THE DATA:
****************************************
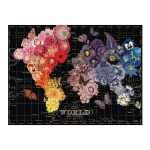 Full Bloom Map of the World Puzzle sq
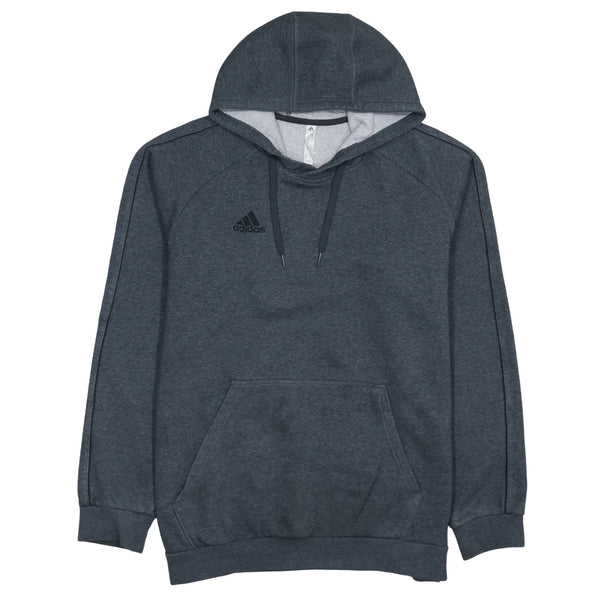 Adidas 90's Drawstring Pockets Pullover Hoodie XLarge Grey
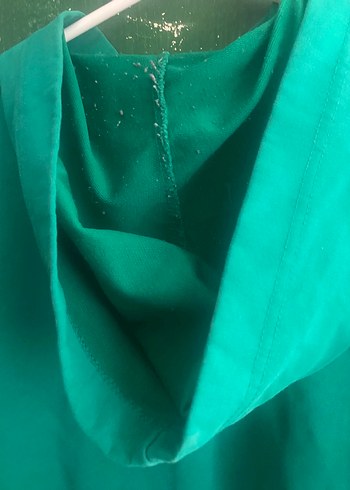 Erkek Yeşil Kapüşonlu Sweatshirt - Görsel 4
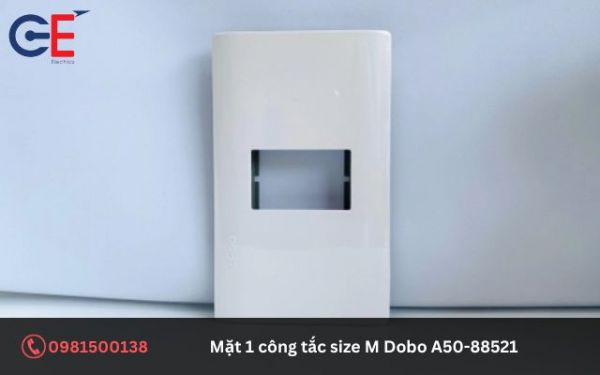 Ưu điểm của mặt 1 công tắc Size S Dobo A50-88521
****************************************
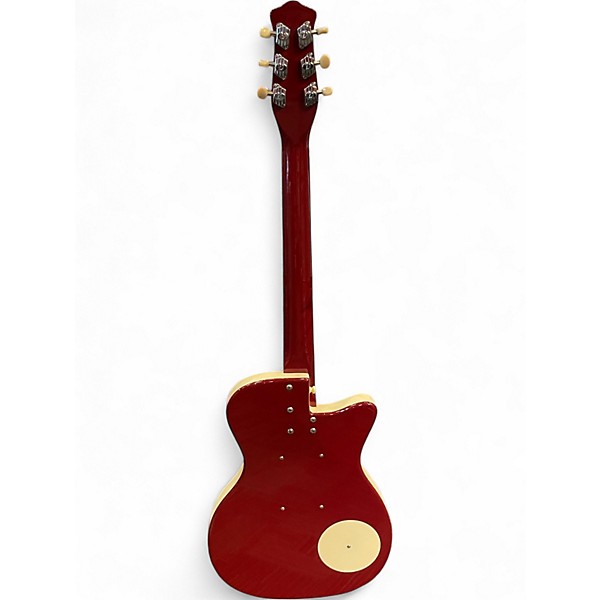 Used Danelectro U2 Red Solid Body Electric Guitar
****************************************
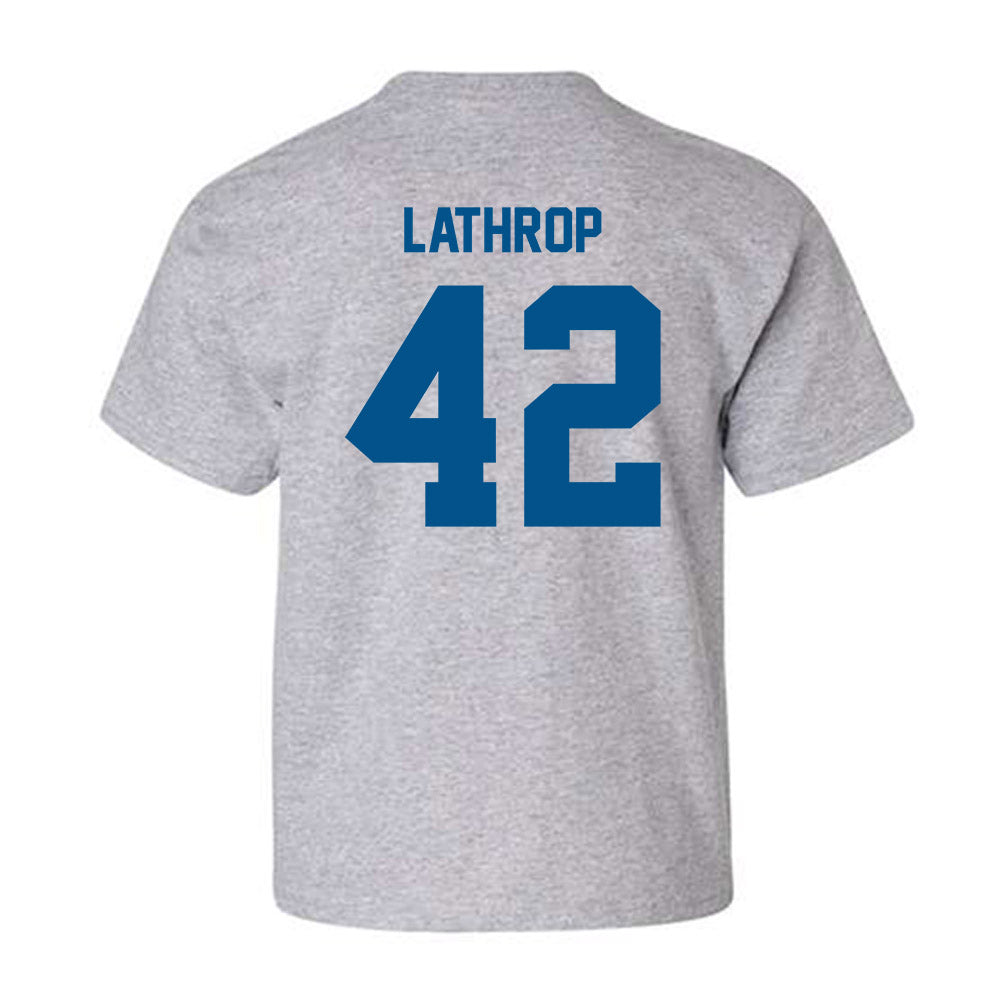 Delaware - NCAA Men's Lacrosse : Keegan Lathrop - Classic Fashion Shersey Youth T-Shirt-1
****************************************
TASK REQUIREMENTS: Repeat exactly the lines above, from the line that contains "Erkek Yeşil Kapüşonlu Sweatshirt - Görsel 4" down through the line that contains "Ưu điểm của". Include both of those lines and none of the pictures.

TASK OUTPUT:
 Erkek Yeşil Kapüşonlu Sweatshirt - Görsel 4
 Ưu điểm của mặt 1 công tắc Size S Dobo A50-88521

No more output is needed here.